Comme dans son précédent film, le déjà formidable The Challenge (présenté à La Roche-sur-Yon en 2016) l’ Italien Yuri Ancarani transforme les rituels quotidiens d’initiations masculines en quelque chose de proprement magique et hypnotisant, grâce à un style unique. Ancarani ne se contente pas de flouter la frontière entre documentaire et fiction, il fait des pas de géants englobant d’autres grammaires visuelles, empruntant au clip, à la photo de mode et à l’art vidéo, pour donner à ses images un pouvoir de fascination sans pareil. Dans ce film quasi dépourvu de dialogues, les images sont en effet le moteur d’une embarcation cinématographique elle-même customisée. Elles sont notre guide dans cette hypnotisante promenade en apesanteur . A nous de plonger dedans.

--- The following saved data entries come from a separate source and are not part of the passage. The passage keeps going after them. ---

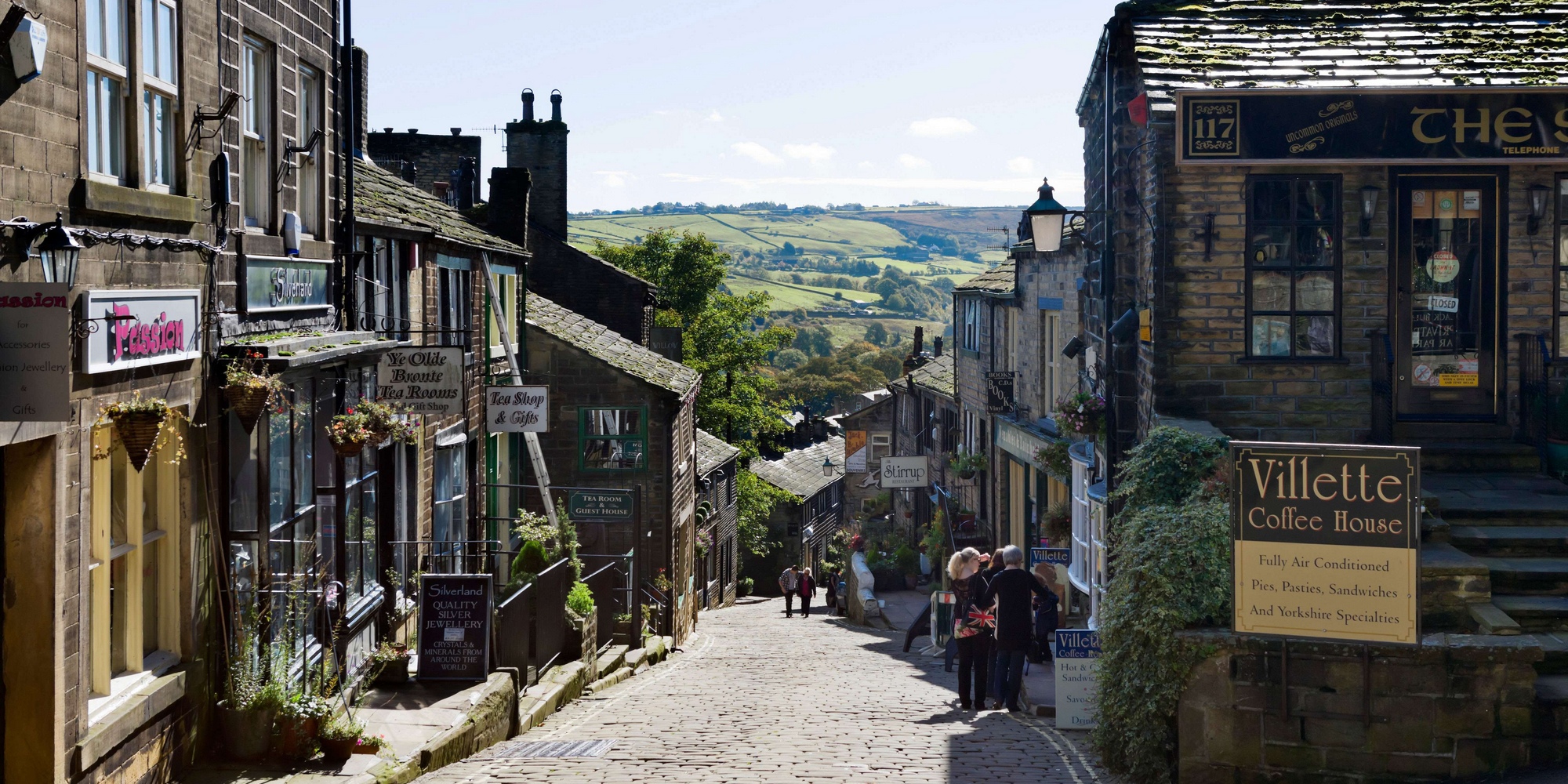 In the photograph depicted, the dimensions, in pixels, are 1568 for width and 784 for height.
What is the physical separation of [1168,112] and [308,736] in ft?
28.4

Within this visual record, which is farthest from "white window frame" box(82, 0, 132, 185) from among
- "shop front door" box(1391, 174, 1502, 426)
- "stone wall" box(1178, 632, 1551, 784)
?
"shop front door" box(1391, 174, 1502, 426)

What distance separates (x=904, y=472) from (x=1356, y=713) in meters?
28.3

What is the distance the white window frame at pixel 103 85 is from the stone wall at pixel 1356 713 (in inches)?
281

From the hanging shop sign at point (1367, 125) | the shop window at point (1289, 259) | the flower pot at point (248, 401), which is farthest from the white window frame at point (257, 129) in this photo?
the shop window at point (1289, 259)

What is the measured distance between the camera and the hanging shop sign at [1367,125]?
461 inches

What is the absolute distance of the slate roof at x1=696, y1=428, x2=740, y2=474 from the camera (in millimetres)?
38081

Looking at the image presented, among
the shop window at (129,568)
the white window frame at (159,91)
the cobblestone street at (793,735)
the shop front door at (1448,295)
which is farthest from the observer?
the shop front door at (1448,295)

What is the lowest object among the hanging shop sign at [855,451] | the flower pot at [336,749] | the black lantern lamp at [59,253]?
the hanging shop sign at [855,451]

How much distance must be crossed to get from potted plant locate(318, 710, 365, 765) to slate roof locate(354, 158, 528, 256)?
6.09 m

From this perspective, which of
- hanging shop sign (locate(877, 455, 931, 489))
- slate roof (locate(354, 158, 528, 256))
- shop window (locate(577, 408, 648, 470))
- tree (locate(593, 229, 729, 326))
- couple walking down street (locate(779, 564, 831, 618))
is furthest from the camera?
tree (locate(593, 229, 729, 326))

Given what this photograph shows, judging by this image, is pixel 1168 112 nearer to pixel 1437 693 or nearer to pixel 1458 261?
pixel 1458 261

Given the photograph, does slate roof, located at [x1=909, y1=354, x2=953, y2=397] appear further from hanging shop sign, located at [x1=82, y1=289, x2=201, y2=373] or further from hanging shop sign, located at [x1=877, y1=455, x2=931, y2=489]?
hanging shop sign, located at [x1=82, y1=289, x2=201, y2=373]

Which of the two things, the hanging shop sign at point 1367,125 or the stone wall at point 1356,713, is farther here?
the hanging shop sign at point 1367,125

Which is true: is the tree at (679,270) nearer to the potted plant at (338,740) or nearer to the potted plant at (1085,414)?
the potted plant at (1085,414) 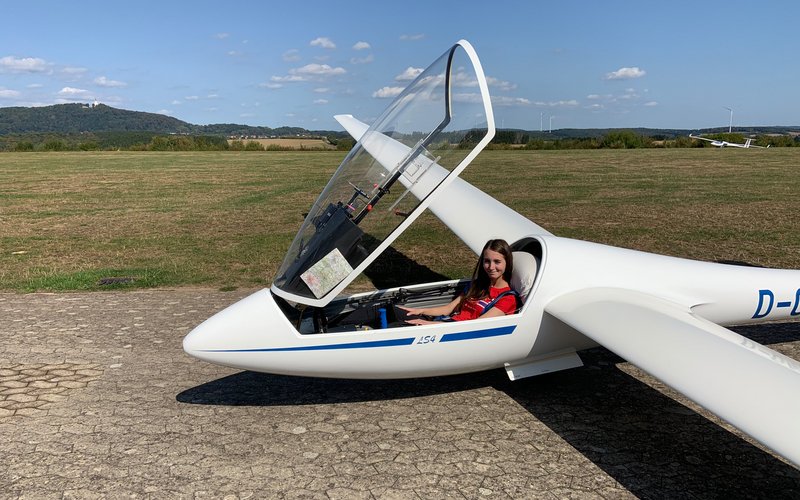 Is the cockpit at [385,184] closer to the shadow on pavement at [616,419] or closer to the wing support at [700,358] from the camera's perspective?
the shadow on pavement at [616,419]

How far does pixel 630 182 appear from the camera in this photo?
2580 cm

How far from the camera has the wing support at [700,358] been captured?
10.5 ft

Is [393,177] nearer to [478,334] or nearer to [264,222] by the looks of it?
[478,334]

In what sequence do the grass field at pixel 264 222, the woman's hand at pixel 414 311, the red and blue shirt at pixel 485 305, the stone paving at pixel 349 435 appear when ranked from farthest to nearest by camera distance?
1. the grass field at pixel 264 222
2. the woman's hand at pixel 414 311
3. the red and blue shirt at pixel 485 305
4. the stone paving at pixel 349 435

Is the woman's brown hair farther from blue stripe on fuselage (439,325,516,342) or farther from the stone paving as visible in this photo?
the stone paving

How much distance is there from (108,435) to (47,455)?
0.45m

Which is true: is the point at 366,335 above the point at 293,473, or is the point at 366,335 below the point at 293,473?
above

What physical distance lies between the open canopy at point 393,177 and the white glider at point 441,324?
1 centimetres

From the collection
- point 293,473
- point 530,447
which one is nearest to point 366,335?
point 293,473

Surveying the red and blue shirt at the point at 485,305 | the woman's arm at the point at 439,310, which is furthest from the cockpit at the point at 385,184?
the red and blue shirt at the point at 485,305

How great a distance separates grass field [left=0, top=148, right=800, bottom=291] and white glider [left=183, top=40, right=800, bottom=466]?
187 inches

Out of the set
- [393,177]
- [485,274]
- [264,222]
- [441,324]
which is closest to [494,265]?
[485,274]

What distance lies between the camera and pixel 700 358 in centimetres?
384

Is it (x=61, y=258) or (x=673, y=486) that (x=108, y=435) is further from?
(x=61, y=258) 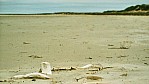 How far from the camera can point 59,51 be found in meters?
9.51

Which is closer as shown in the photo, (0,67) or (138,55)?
(0,67)

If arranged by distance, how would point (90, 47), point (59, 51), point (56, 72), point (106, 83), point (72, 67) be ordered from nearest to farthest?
point (106, 83) → point (56, 72) → point (72, 67) → point (59, 51) → point (90, 47)

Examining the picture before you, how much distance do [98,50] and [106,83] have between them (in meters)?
4.39

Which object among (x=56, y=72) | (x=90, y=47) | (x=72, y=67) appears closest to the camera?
(x=56, y=72)

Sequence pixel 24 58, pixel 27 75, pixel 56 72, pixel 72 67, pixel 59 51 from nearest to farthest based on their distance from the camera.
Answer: pixel 27 75 → pixel 56 72 → pixel 72 67 → pixel 24 58 → pixel 59 51

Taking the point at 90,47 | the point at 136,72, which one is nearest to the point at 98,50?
the point at 90,47

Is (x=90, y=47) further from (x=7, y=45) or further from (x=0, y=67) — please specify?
(x=0, y=67)

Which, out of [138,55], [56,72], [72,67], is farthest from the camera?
[138,55]

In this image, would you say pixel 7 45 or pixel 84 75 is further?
pixel 7 45

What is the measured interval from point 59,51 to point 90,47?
1.29 meters

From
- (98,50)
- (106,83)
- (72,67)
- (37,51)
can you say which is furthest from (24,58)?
(106,83)

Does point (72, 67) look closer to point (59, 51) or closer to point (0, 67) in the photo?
point (0, 67)

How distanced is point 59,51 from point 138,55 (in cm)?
214

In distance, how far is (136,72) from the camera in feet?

La beauté d’Atlantide finit par donner lieu à poignant vertige. Comme si ce monde-là était trop parfait pour être vrai, trop beau pour exister encore longtemps. Le titre fait référence à la ville de Venise qui menace année après année d’être définitivement engloutie par les eaux, mais c’est surtout le continent perdu de la jeunesse et de l’innocence. C’est peut-être là le sens de la superbe séquence finale, où la caméra pénètre enfin dans les canaux vénitiens, et où une présence spectrale parait planer avec mélancolie sur la ville. Le passé et le présent se superposent alors sans se rencontrer, la jeunesse passe comme dans un rêve et disparait sans rien déranger des vestiges autour d’elle, comme s’il elle n’avait jamais existé.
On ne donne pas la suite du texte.